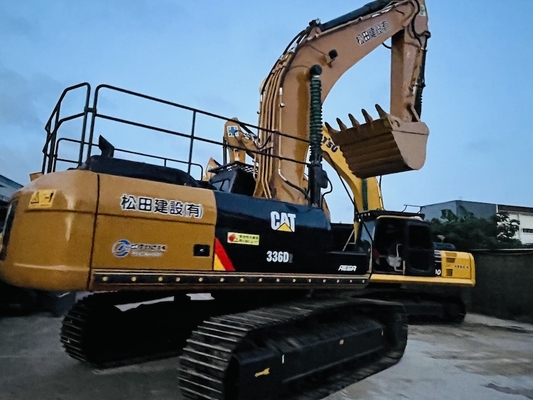 Αρχική CAT 336D μεταχειρισμένη εκσκαφέας, Caterpillar Χρησιμοποιούμενη εκσκαφέας Crawler 36 τόνων Οικοδομικό εξοπλισμό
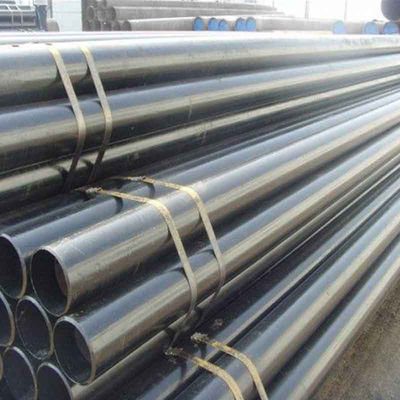 Invoeren op basis van het werkelijke gewicht Niet-toxisch S355j 8 inch Warmgewalste naadloze steiger Hydraulische buis Zwart geschilderde stalen buis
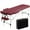Burgundy, variant on Topeakmart 3-Fold Adjustable Portable Massage Table with Backrest/Headrest/Armrest/Hand Pallet Black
——————
» **What to produce**
Return the full set of lines above word for word and with no pictures.

» **Reply**
 Αρχική CAT 336D μεταχειρισμένη εκσκαφέας, Caterpillar Χρησιμοποιούμενη εκσκαφέας Crawler 36 τόνων Οικοδομικό εξοπλισμό
 Invoeren op basis van het werkelijke gewicht Niet-toxisch S355j 8 inch Warmgewalste naadloze steiger Hydraulische buis Zwart geschilderde stalen buis
Burgundy, variant on Topeakmart 3-Fold Adjustable Portable Massage Table with Backrest/Headrest/Armrest/Hand Pallet Black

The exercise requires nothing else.